Spring 2022
Units: 3-0-9
When: MW 2:30PM - 4:00PM
Where: 37-212
Instructors: Tim Kraska (kraska AT csail.mit.edu)
Samuel R. Madden (madden AT csail.mit.edu)
TAs: Markos Markakis (markakis AT mit.edu)
Amadou Ngom (ngom AT mit.edu)
Office hours :Monday 4:00PM - 5:00PM - 37-212 - Markos
Tuesday 6:30PM - 7:30PM - Online (link on Piazza) - Markos
Friday 11:00AM - 12:00PM - 24-323 - Amadou
Saturday 11:00AM - 12:00PM - Online (link on Piazza) - Amadou
Please post questions/comments/concerns to Piazza.

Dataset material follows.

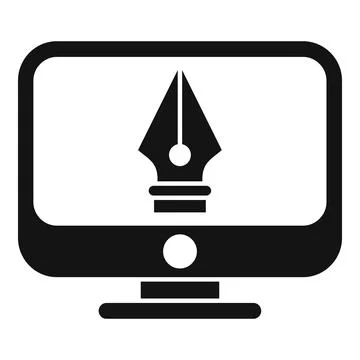 Draw redesign icon simple vector. Web ui Illustrazione stock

This class will survey techniques and systems for ingesting, efficiently processing, analyzing, and visualizing large data sets. Topics will include data cleaning, data integration, scalable systems (relational databases, NoSQL, Spark, etc.), analytics (data cubes, scalable statistics and machine learning), fundamental statistics and machine learning and scalable visualization of large data sets. The goal of the class is to gain working experience along with in-depth discussions of the topics covered. Students should have a background in programming and algorithms. There will be a semester-long project and paper, and hands-on labs designed to give experience with state of the are data processing tools.

Classes consist of lectures and readings related to course topics. Grades in 6.S079 are assigned based on a semester long project, 6 labs of varying length and 2 quizzes. For more information about the schedule and assignments, use the links at the top of the page.

Last change: 1/27/2022.